*** Begin section ***

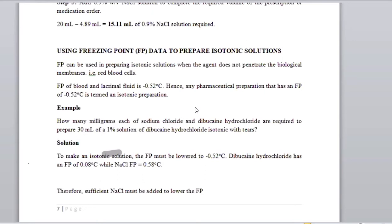How many milligrams each of sodium chloride and dibucaine hydrochloride are required to prepare 30 mLs of a 1% solution of dibucaine hydrochloride isotonic with tears?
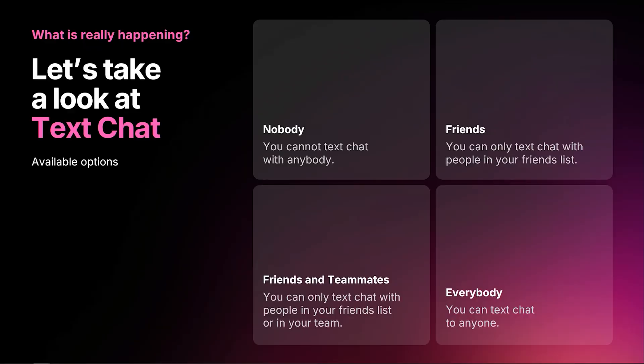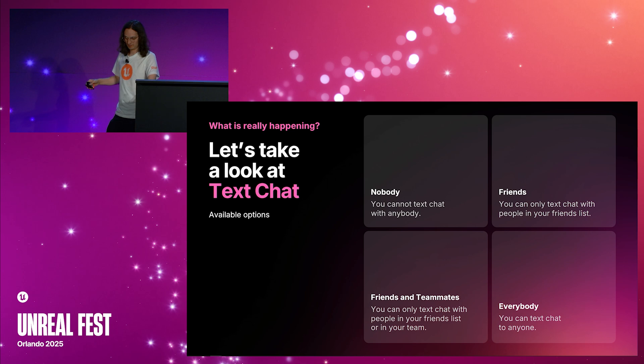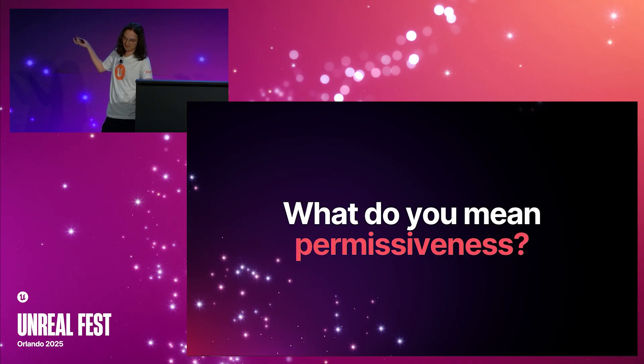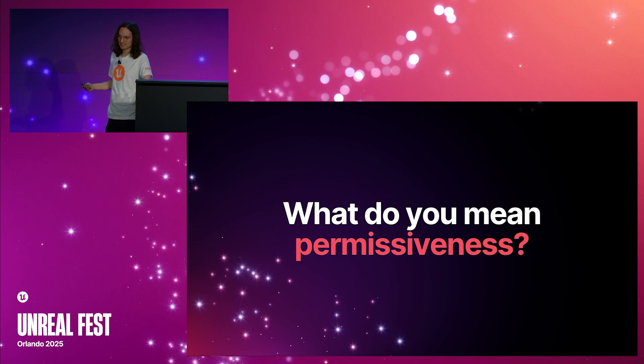Let's take a look at what happens when a client asks our service to get supervised settings for a user. Taking text chat as an example, we can see it has a few options: nobody, friends, friends and teammates, and everybody. Each of these values has a different level of what we call permissiveness — the amount of freedom that a particular value might grant inside your game. Being able to text chat with friends is more permissive than chatting with nobody, and being able to chat with everyone is more permissive than chatting with friends. This concept of permissiveness is key to how supervised settings operate.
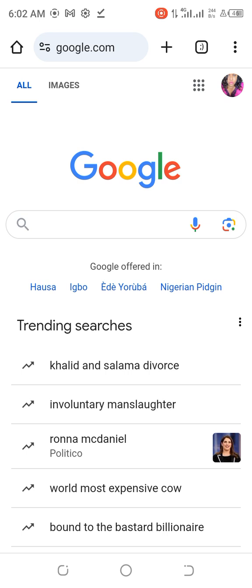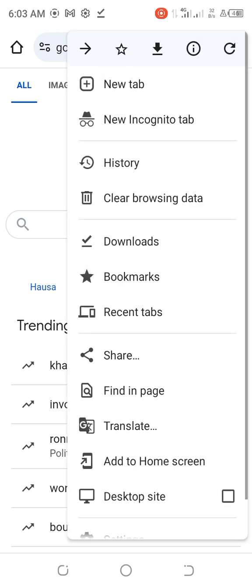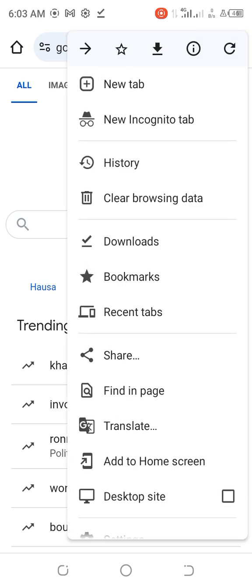You see these three dots on the upper right? I'm using Google Chrome as my browser. Just tap on those three dots. You'll see options including 'New Tab' and 'New Incognito Tab' — tap on 'New Incognito Tab'.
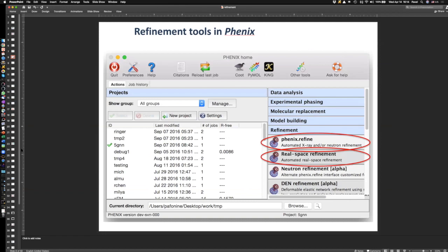Both tools are available on the command line — you can type things in the command line — and you can run them from the GUI. We'll see how that works in the GUI during a live demonstration, hopefully.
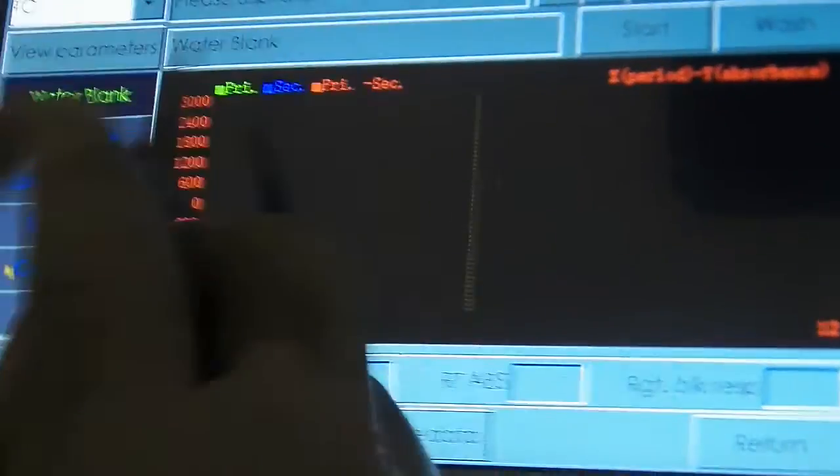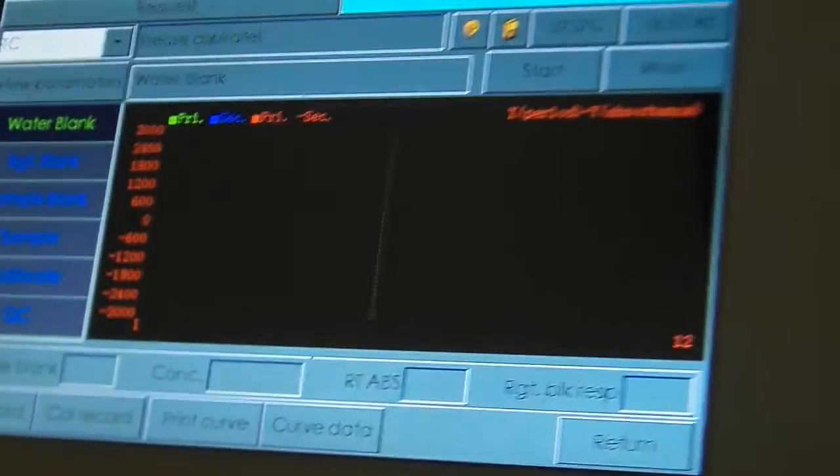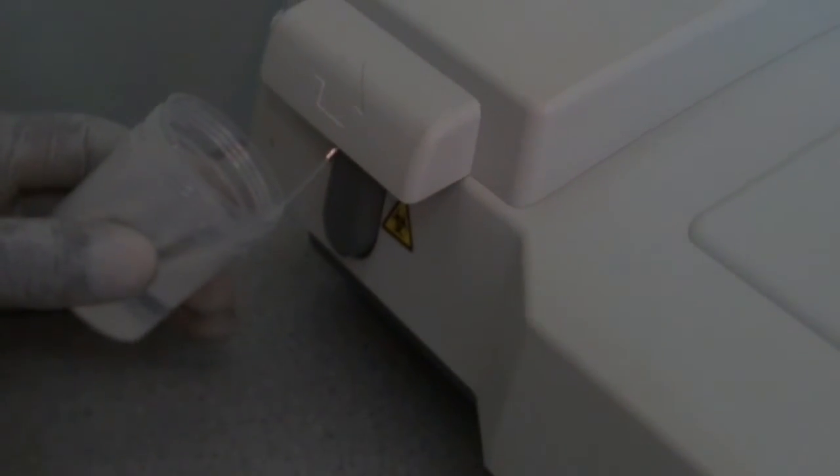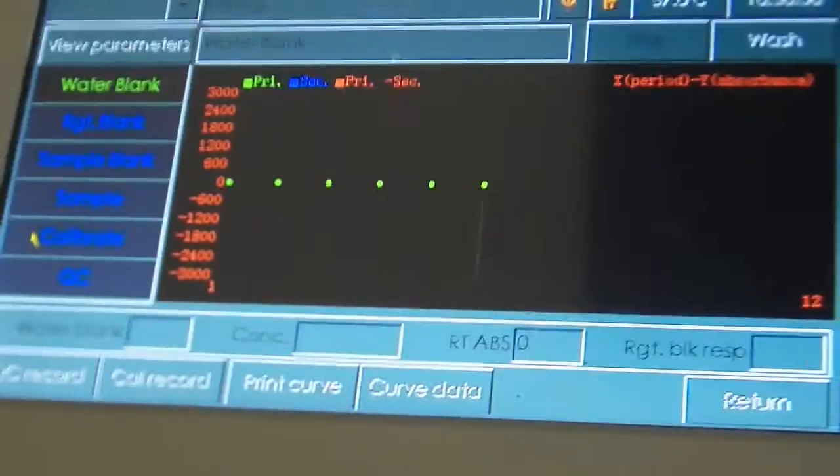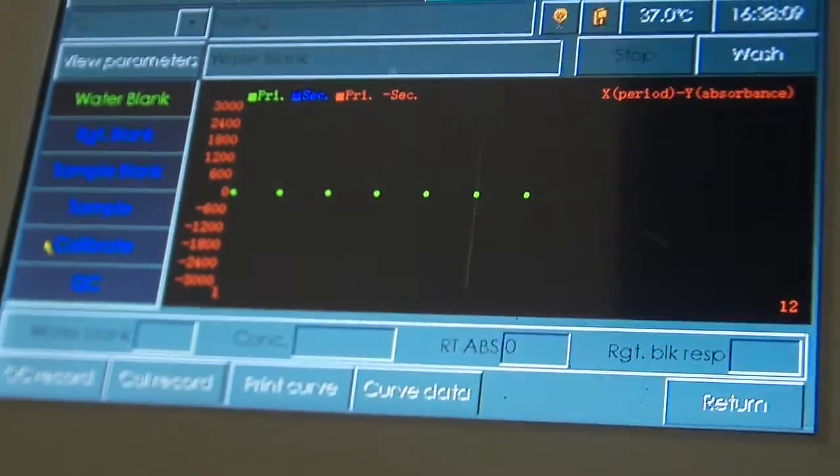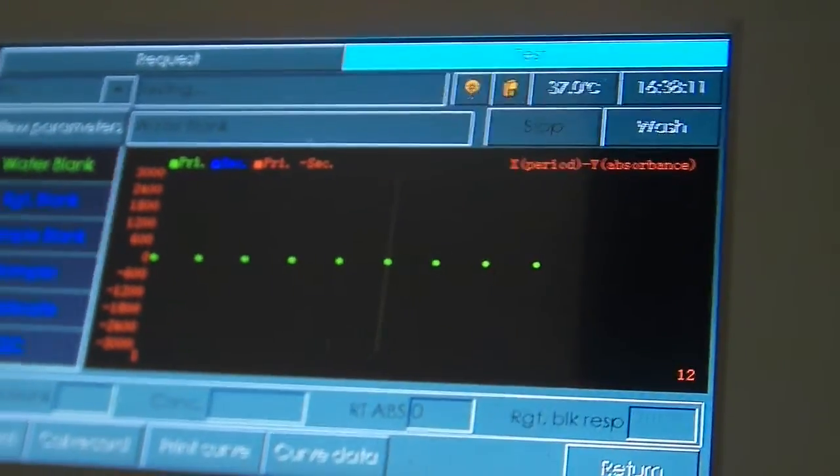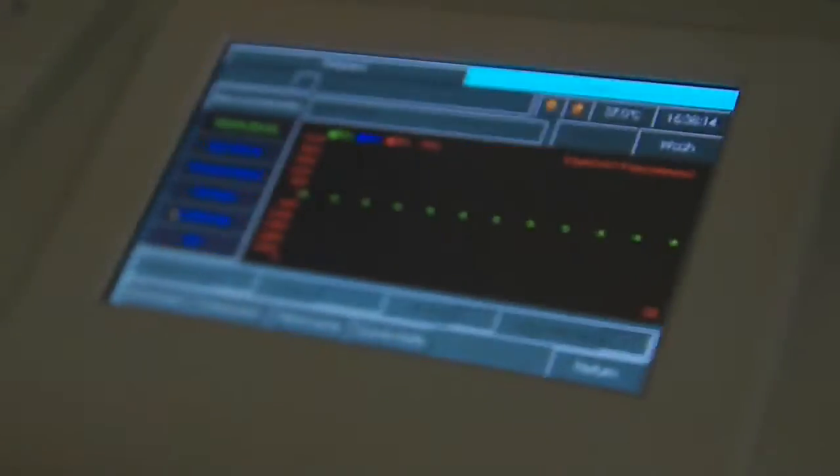So we have to water blank first. Always, we have to make sure we water blank first. I have distilled water right here. When the screen is running. When it beeps, it means it's ready now for the next.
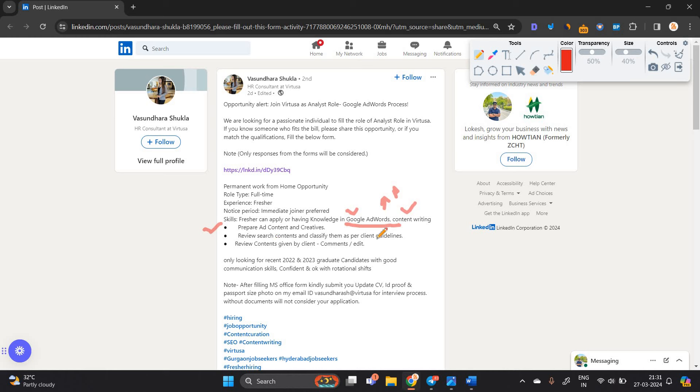Review search content and classify them as per client guidelines. So this is totally a skills-based opportunity. Aapki communication skills bhi dekhenge. Aap confident hai. Rotational shift ke saath aap ismein apply kar sakte hain.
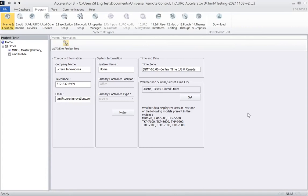Tim with SI here. In this video, we're going to be discussing the Tahoma and LinkPro-Z integration with URC.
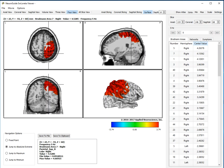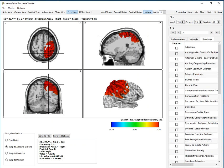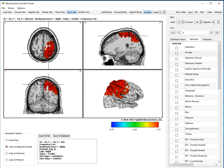But what's new is that we've now added networks and a symptom checklist. For example, with networks, one can select a network. Let's say we select the anxiety network.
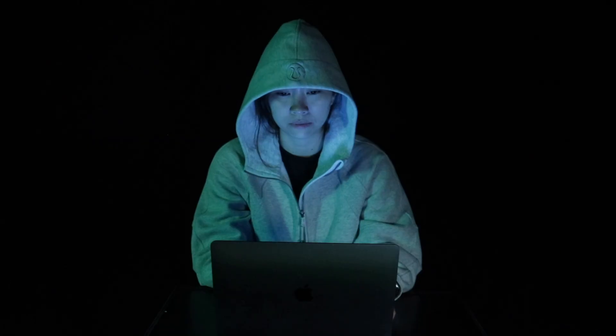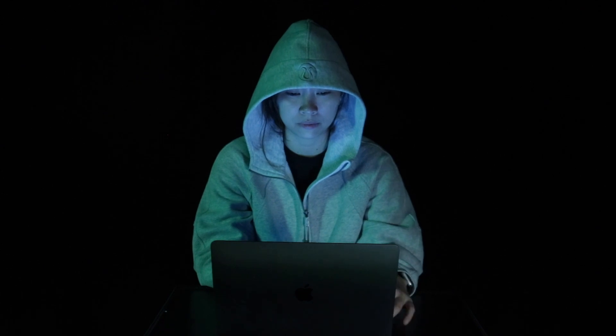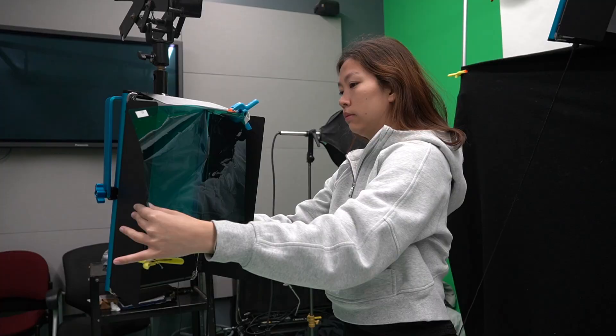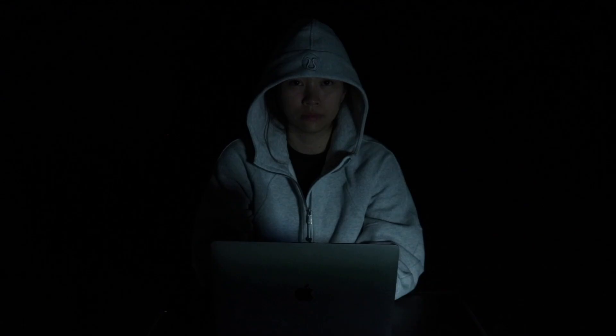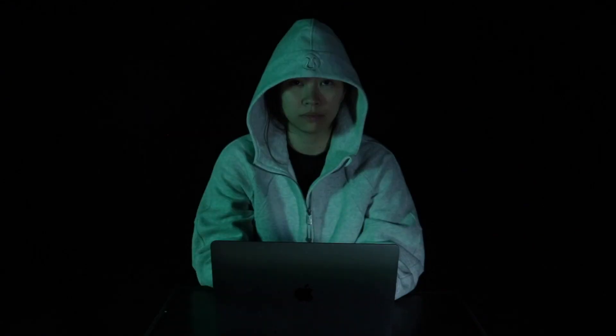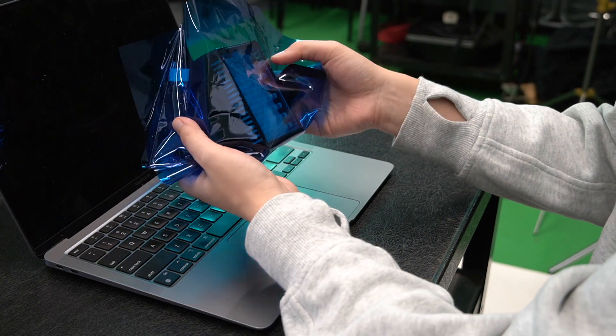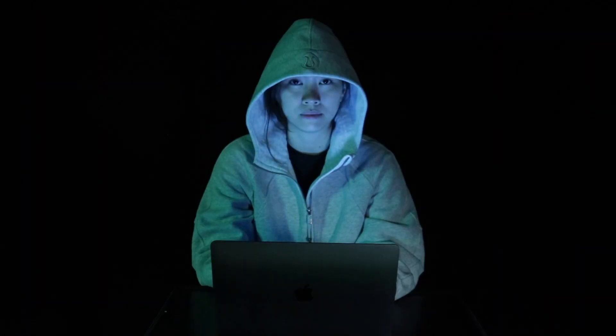The third lighting technique is mainly used for hacker scenes where people are in front of their computer. For your fill light, you're going to use a green gel on top of your light source. Green is a color often associated with digital technologies, thanks to movies such as The Matrix. Because digital screens often emit a bluish light, you're also going to use a small LED light wrapped with a blue color gel to light your subject from under their face.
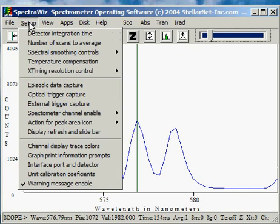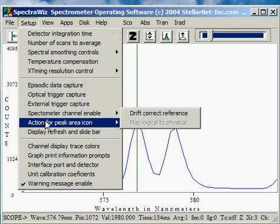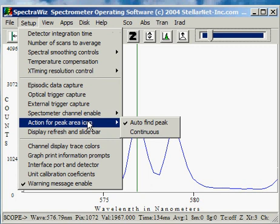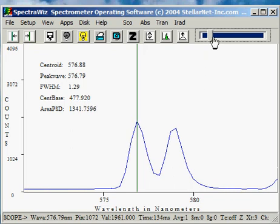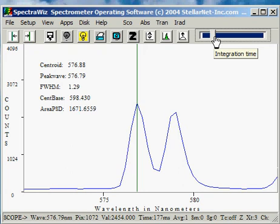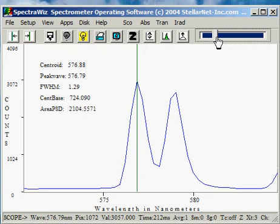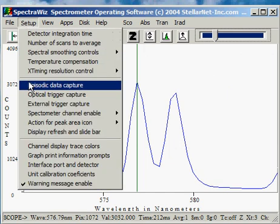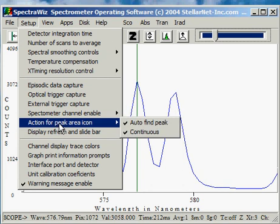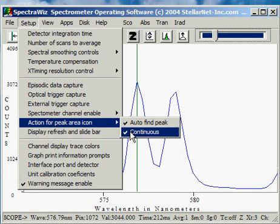On the setup menu, I can select how this icon reacts so that it will auto-find next peak or perhaps continuous. In continuous mode, it continually evaluates and reruns. For example, if I increase the detector integration time, I can see the effects of the area PSD increase due to the area under this peak being changed by the longer integration time. I can disable the feature for the peak area icon from continuous back to snapshot.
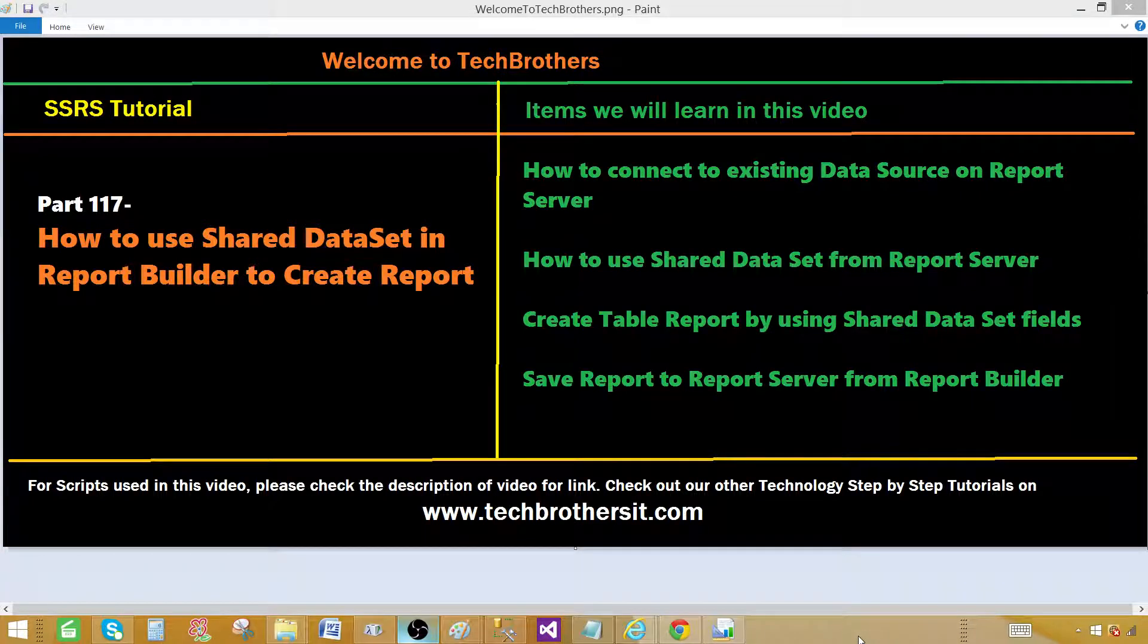Welcome to Tech Brothers with Amir. Today we are going to learn how to use shared data set in report builder to create our report.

*** End section ***

◆ What you will do ◆
Keep to the stretch from the line containing "Tim with SI" through the line containing "But what's new", both ends included, and copy it exactly from the listing above, minus the pictures.

◆ Answer to the problem ◆
Tim with SI here. In this video, we're going to be discussing the Tahoma and LinkPro-Z integration with URC.
But what's new is that we've now added networks and a symptom checklist. For example, with networks, one can select a network. Let's say we select the anxiety network.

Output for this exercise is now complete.